Live Granted Extension for Line of Credit : Entertainment: The agreement is part of a refinancing package for the video distributor’s main owner, Carolco Pictures.
Live Entertainment Inc. has won another eight months of breathing room from a bank group that agreed to extend Live’s $50-million line of credit through Dec. 2.
The announcement last week by the troubled Van Nuys video distributor and retailer was part of a refinancing package involving Live’s 53% owner, Carolco Pictures Inc.
Carolco has entered a new financing deal with its bank lenders and foreign investors that will provide the debt-burdened film producer up to $73.8 million and surrenders greater control of the company to the foreign partners. As part of the refinancing, Carolco said it expects to take a write-down of $100 million in its fourth quarter that ended Dec. 31.

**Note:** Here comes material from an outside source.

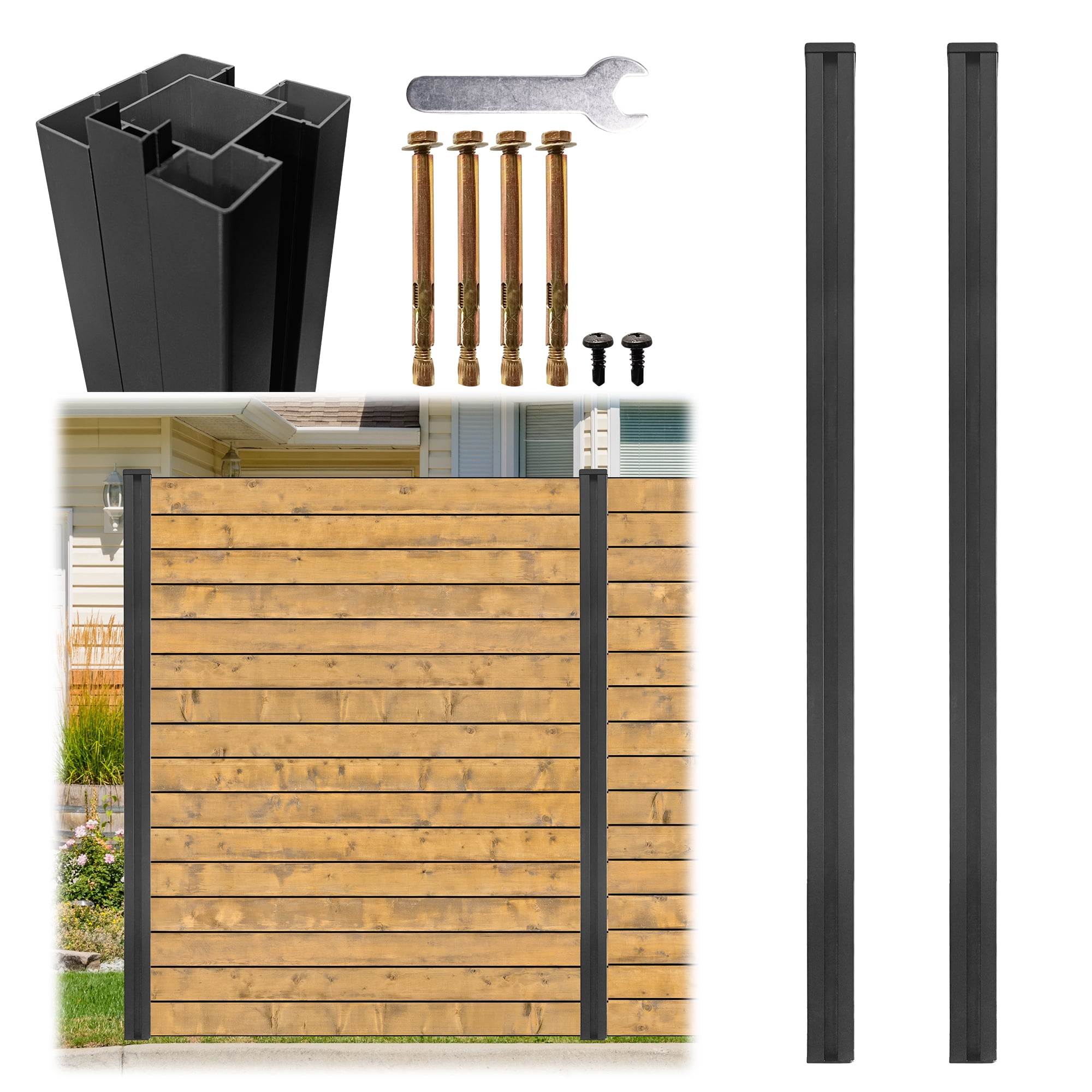 Ataucjin Heavy Duty 3-Way Adjustable Aluminum Privacy Fence Post ...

Live had been negotiating for the past several months with a lending group headed by Chemical Bank for an extension on $70 million in debt that was due Jan. 1, and a new Live credit agreement had been a condition of Carolco’s refinancing. In addition, Carolco’s refinancing includes a $32-million loan that is secured by Carolco’s stake in Live.
In effect, the deal will allow Carolco to finish the three remaining feature films it has in production this year, which in turn will give Live a new slate of films to eventually release on video.
Carolco--the producer of last year’s blockbuster “Terminator 2: Judgment Day” and the recently released Michael Douglas thriller, “Basic Instinct”--is Live’s biggest supplier of films to release on videocassette. “Basic Instinct” is now No. 2 at the box office and has pulled in $34.8 million in ticket sales since its March 20 debut. Michael J. White, Live’s general counsel, said the company expects to begin shipping cassettes of “Basic Instinct” in the second half of the year.
Other upcoming Live video releases include “Universal Soldier”--a Carolco film due out in theaters in June--and “Rambling Rose.”
Live officials said they were pleased by the credit agreement. “This extension allows Live Home Video to implement its planned 1992 and 1993 video acquisition and release schedule,” Live Chairman Alan J. Hirschfield and Chief Executive David A. Mount said in a statement. Live Home Video is the company’s video distribution business; its ailing retail operations are generally believed to be up for sale.
Analyst Steven E. Hill at the investment firm Sutro & Co. in San Francisco said Live’s credit agreement “gives them some breathing room.” But, he said, the key question to Live’s survival is whether it can establish relationships with other film producers to offset Carolco’s drastically reduced production schedule. “Live needs some other suppliers,” Hill said.
And David Rose, an analyst at Cruttendon & Co., an investment banking firm in Irvine, said: “I’m still a lot cautious about both companies. I think you’re going to see fewer products coming out of Live.”
Investors also appeared to greet Live’s news skeptically. After announcement of the credit pact March 24, Live’s stock fell 12.5 cents to close at $3.875 a share. It closed Monday at $3.625, up 12.5 cents.
Live, which lost $99.8 million on $238.9 million in revenue in the first nine months of 1991, is expected to report its fourth-quarter results in the next two weeks.
In February, the company confirmed that five employees had been laid off and further job cuts were under consideration. But White last week declined to say if there have been further staff reductions. “We’ve stopped commenting on personnel matters,” he said.